Working with your data
➔Data Flow Model: Data Processing
Researcher questions
I have all this data, and I understand it, but how will my research assistant, community partners, or future scholars in my field understand it? How will they be able to work with my data?
? ? ? ! *
*Data Flow model questions that help you think through this complexity:
- File formats?
- Number and size of files?
- Storage & backup locations?
- How are you recording metadata?
The data processing phase of data curation management can be understood as the moment when you convert your data into a usable and desired form according to your research, preservation, and sharing goals. This is also when you actively convert, transfer, or transform data into machine readable formats (and ideally in a format that will be shareable amongst many projects, collaborators, and platforms!), and when you look at where there are gaps or misinformation in the data. You may find this phase to be quite iterative, or tedious, especially as it is often undertaken in combination with the data collecting phase: coming back to your data files to process your data as more information is discovered and collected at later stages of the project – we all do get excited about the analysis phase of the data gathered, but this phase will allow for better and greater analysis in the long run. Again, this step should be thought out and undertaken right at the start of the project; process your data as you collect it. The cost of processing all your data later on may be very high, especially in current research environments that deal with large data sets. Moreover, analyzing data that was not accurately processed could slow down the work or generate misleading, unreliable, or inaccurate findings.

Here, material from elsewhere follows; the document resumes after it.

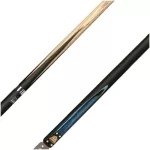 Kulečníkové tágo snooker BCE Heritage WAC-3 dvoudílné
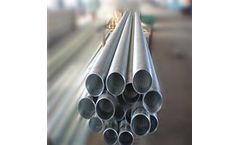 FY-XL - Model 035 - Low Carbon Galvanized Wedge Wire Screen Tube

When processing your data, document each step — the decisions you make are important to communicate to those who use the files after you and keep in a README file, for the same reasons you documented and described your data collecting process. This can be understood as recording your thought process, or your sorting process (I.e.: I’ll include this and exclude that). This is in sorts documenting your “intellectual labour” as opposed to your “intellectual product” (e.g., my book chapter). If you are accustomed to working in archives you can also think of this documentation as a “finding aid” that helps you communicate the provenance and order of the files according to the relationships that created them. This is another example that fits well into the ‘thinking process’ to allow others to understand and replicate. For example, if you edit an ‘original’ dataset (don’t forget to keep the original master file!) to conform to a given research project, this must be documented (changing headers for census data variables (which comes as long sentences) in an Excel table to be machine readable in another platform. Additionally — think about the boundaries of the research — which research files are to be shared among the partners and what are individual research files to be managed by individual researchers? Documenting the decisions made about processing the data will likely influence future analysis that will happen.
It is also at this point that you start processing each file’s metadata, that is to say, that you actively add the metadata to each file. Yes, here again you also need to add the metadata structures and decisions in the README file.
To take SpokenWeb (UBC Okanagan) as an example, the processing of analogue audio involves the creation of three levels of digital files:
- Master (.WAV),
- Master Access (.WAV) and
- Access (usually .MP3, derived from the Master Access).
The Master File captures all audio data to the standard of 96KH / 24bit and may, depending on the nature of the event recorded, include “background” noise, like chairs scraping the floor, or dish clinking. If an Access File (derived from the Master Access File) is cleaned and the background noise is removed, auditory information is being scrubbed from the record and these edits must be documented so users understand what versions they are working with. For some researchers, this background noise data might not be important, but in other cases, it will constitute the research focus.